Recently, Intel announced that they had developed an 80 core processor which would be available by the end of the decade. That got me to thinking that we are fast approaching a point in processor power where a true artificial intelligence would be possible. Let me explain my reasoning for this.
One of the best books I've read about AI is Jeff Hawkins "On Intelligence". In this book the premise for intelligence is the ability to predict what will happen next. If you hear a word spoken, or a note played your mind is already busy predicting the next word, or note. If you see a scene with a ball thrown, a bird taking flight and a person walking, you mind predicts the person’s next step, where the bird will go and where the ball is headed. All of these associations are happening from moment to moment.

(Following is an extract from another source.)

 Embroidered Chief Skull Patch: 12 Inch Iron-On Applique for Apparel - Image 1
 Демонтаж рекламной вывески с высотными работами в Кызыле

Now lets say we want to create a computer system to do the same thing. We would need stereo optic camera vision systems, stereo microphone audio and a bunch of other sensors. All of the data has to be gathered, processed and stored in real time. The processing includes detecting the distances and relative motions from the stereo vision, isolating images and sounds and storing all of this data in a time sequence. Then as soon as it is stored in short term storage, we have to extract cross reference points, such as what kind of bird did we see, what noise did it make and what would be its next action? Then we need to look into our long term memory and extract this information from a multitude of cross indexes. Once we have referenced these memories we predict the next action is a squawk and another flap of the wings.
At some point we start to fill up short term memory and will need to save the information in long term memory along with all of the cross indexes such as time of day, the rest of the elements in the scene, what we were smelling and hearing, etc.

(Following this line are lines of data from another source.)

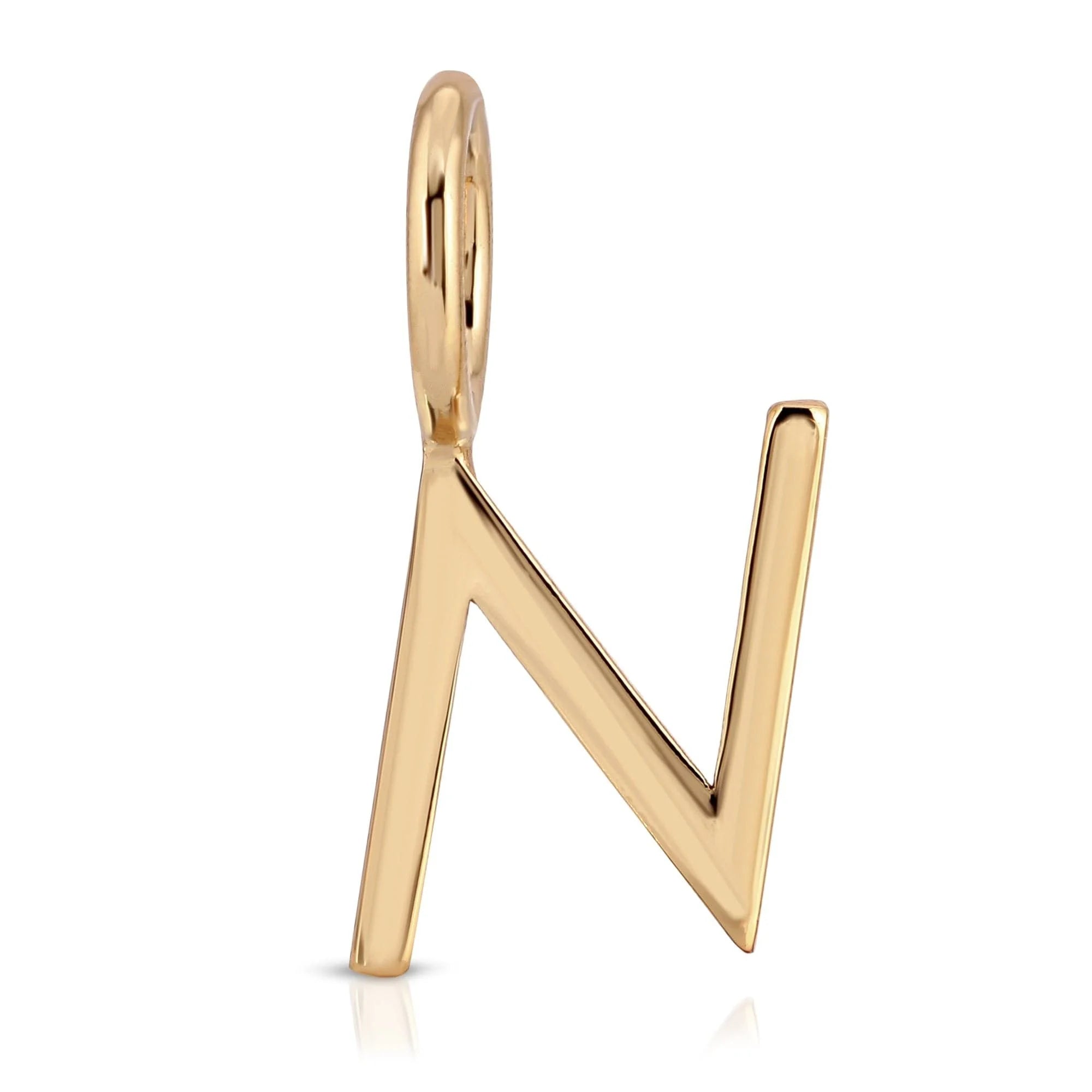 Gold letter N pendant from Essential Letters featuring recycled brass plated charms, 15mm letters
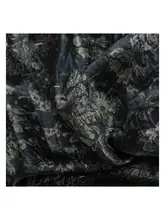 浮彫り花模様・デザイナー生地使用の旗袍風コートドレス【立体的なトリムデザイン】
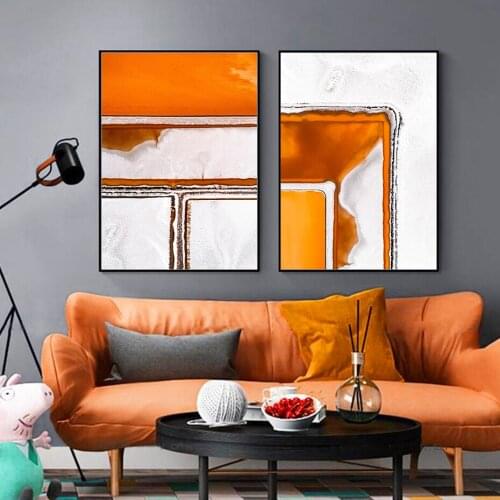 Modern Orange Abstract Geometric Wall Art Pictures Canvas Painting Gallery Poster and Print Interior for Living Room Home Decor
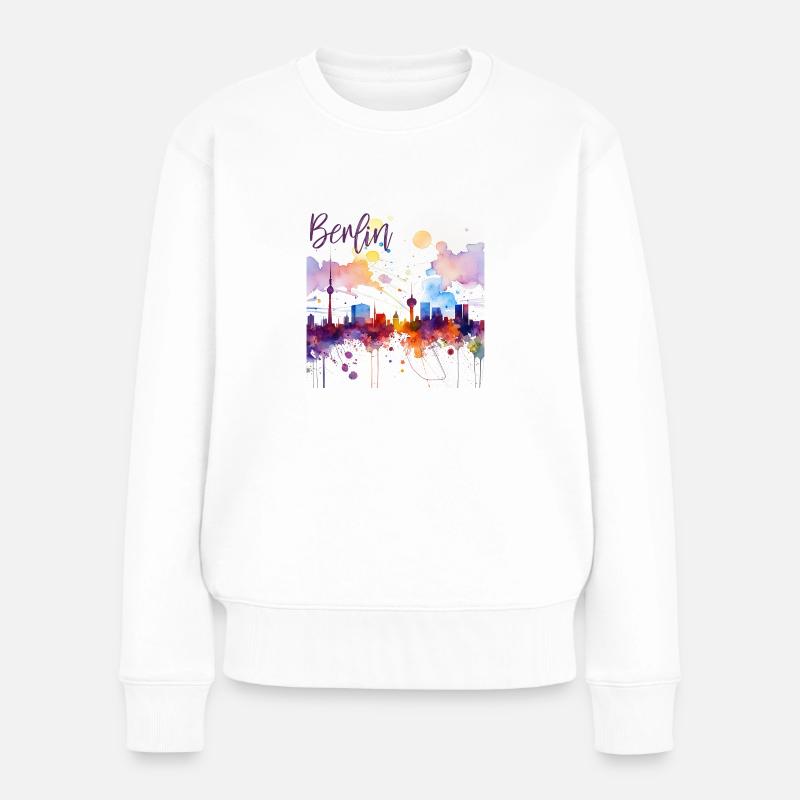 skyline berlin watercolor - Frauen Premium Bio Pullover - Weiß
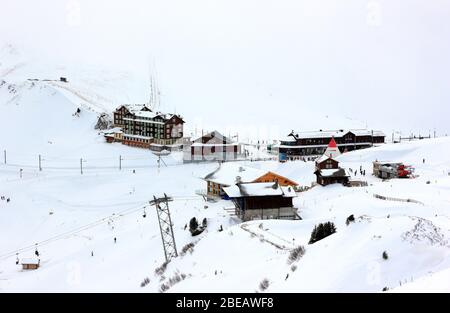 Kleine Scheidegg, between Grindelwald and Wengen. Bernese Alps, Switzerland, Europe. Stock Photo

As you can see, with this amount of data gathering, processing, storing and retrieving there is no way it can happen in real time on just one processor, no matter how fast it is. This stuff has to happen in parallel. And some of these processors will have to be dedicated and specialized. DSPs will receive each audio channel and break it down into elements, compress it and time stamp it for storage. The data will be passed to other processors that look for words and voices to use as indexes to compare to what is stored in long term memory. More processors will scan those memories and yet other processors will compare items from the memories, and then predict the actions and reactions.
The ideal design for AI processors would be a multi core, or multi processor systems. Each core or processor would have its own built in flash and OS with MPI messaging. Application tasks would be loaded into the core along with any data and then run. Some tasks such as database searches could be divided between several cores, so the same application task is loaded into each along with different data sets.
Tasks would remain in the core’s flash until the space is needed for a new task. A new task would flush memory so the core can tackle the new task cleanly.
Most of the actions in this AI system are comparing patterns from sensors to stored patterns in the various memories. And when you think about it, lots of what we sense are just patterns. Words in speech are patterns made up of phonemes, pitch and amplitude. Visual objects such as birds are colors, outlines and other cues.
These are all pattern matching problems. Similar to finding the owner of a particular set of fingerprints. You cannot match every line, curve and loop of fingerprints against a giant database. Instead they look at specific points of the fingerprint and compare them to the same points on other prints. If all points match then it is considered a match.
The same method can be used to find the word spoken out of a database of words.
We just need to define the points of interest that work best.
For example, to recognize speech, we would design a system that breaks each word into segments based on frequency changes and relative amplitude. This way the absolute amplitude from loudness or closeness can be subtracted and absolute frequency from voice pitch can be ignored.
Then it is simply a matter of matching these points of interest to find the word spoken and its meaning. This would allow the use of parallel processing to speed up the process.
Different pattern matching engines can all be working in parallel to look at sounds, vision, even scents and touch. All of this parallel processing would be the first step towards an intelligent robot.